You must know the DCB characteristics of the file. The records in files that are created on a mainframe are not delimited with end-of-line characters , so you must specify the original DCB parameters on the INFILE or FILENAME statement. In the INFILE statement, specify the record length, record format, and block size with the LRECL, RECFM, and BLKSIZE host options. In the FILENAME statement, if you use the PIPE device-type and the dd command, you must also specify the block size with the ibs subcommand. For more information about host options on the INFILE statement, see "INFILE Statement" on page 299. For more information about the ibs subcommand, refer to the man page for the dd command.

Example: Multivolume, Standard Label Tapes

This example assumes the use of a no-rewind device and TAPECLOSE=LEAVE.

Suppose that you are given a two-reel, multivolume, standard label tape set containing a mainframe external file and told that the record length is 7 and the record format is fixed. You will need to unload the data portion of each tape into disk files, concatenate the two disk files, and process the resultant file.

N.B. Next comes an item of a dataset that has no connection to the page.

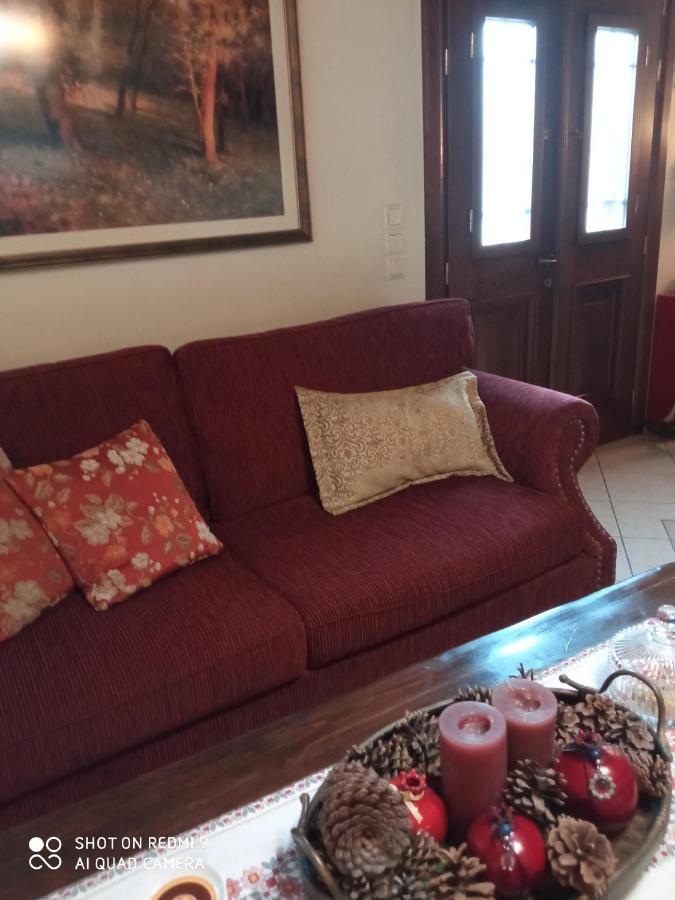 Valentini Guesthouse Karpenisi Екстер'єр фото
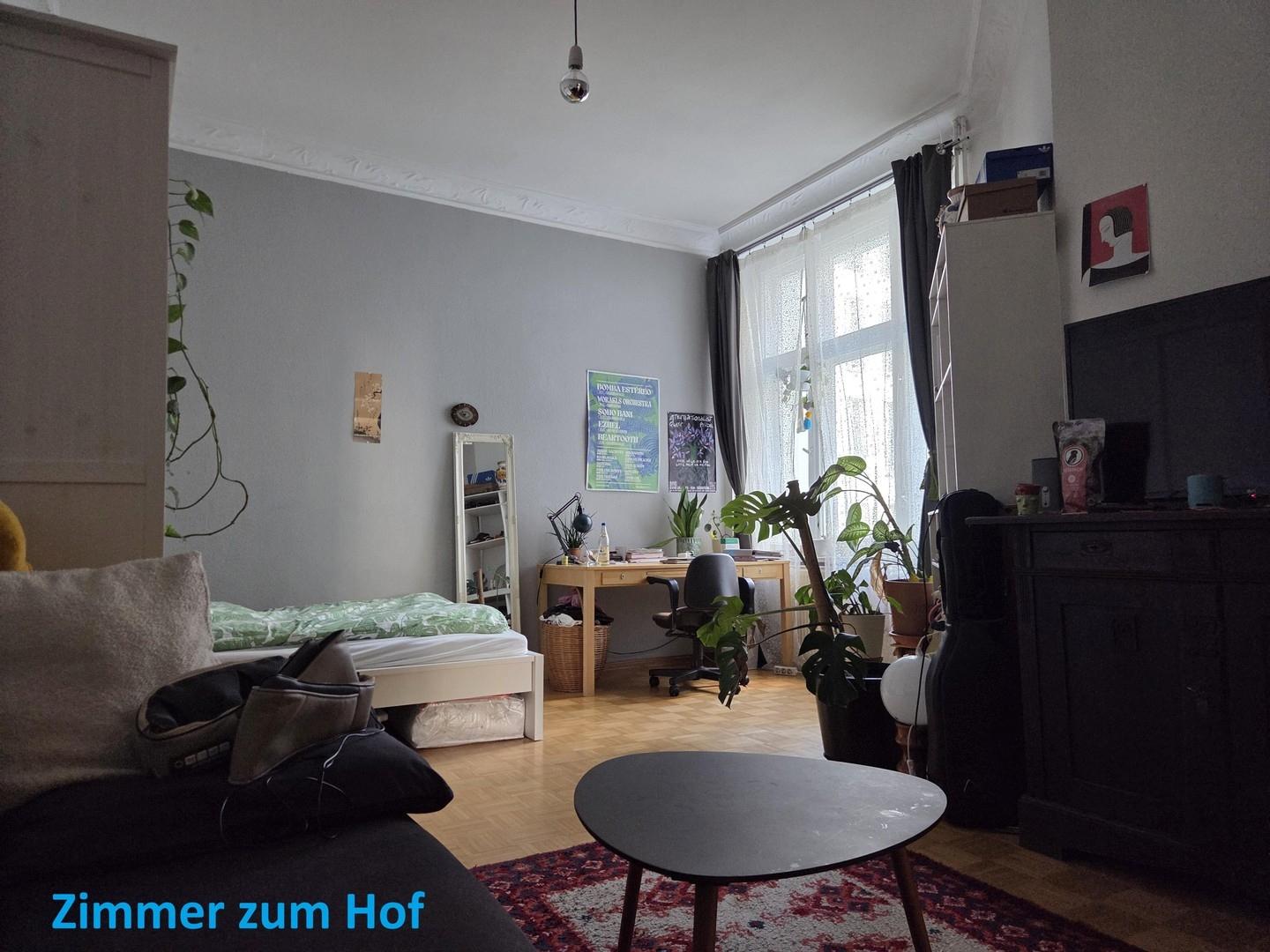 Zimmer zum Hof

Make sure that the first tape is in the tape drive, then use the mt command to rewind the tape, skip over the label file, and position the tape at the beginning of the user data file. In this case, the user data file that you want to access is the first (and only) user data file on the tape. To skip over the label and position the tape at the beginning of the user data file, use the fsf count subcommand. Using the formula in "Working with External Files Created on the Mainframe" on page 150, the fsf count value is 1.

 mt -t /dev/rmt/0mn rewind   mt -t /dev/rmt/0mn fsf 1   dd if=/dev/rmt/0mn of=/tmp/tape1 ibs=7

Repeat this process with the second tape, then concatenate the two disk files into one file.

 mt -t /dev/rmt/0mn rewind   mt -t /dev/rmt/0mn fsf 1   dd if=/dev/rmt/0mn of=/tmp/tape2 ibs=7   cat /tmp/file1 /tmp/file2 > /tmp/ebcdic.numbers

You can then use the following DATA step to refer to the concatenated file ( /tmp/ ebcdic.numbers ) and to convert the data using the appropriate EBCDIC informats:

 filename ibmfile '/tmp/ebcdic.numbers';   data numbers;      infile ibmfile lrecl=7 recfm=f;      length digit 8 temp $ 1 word $ 6;      input temp $ebcdic1. word $ebcdic6.;      digit=input(temp,8.);      drop temp;   run;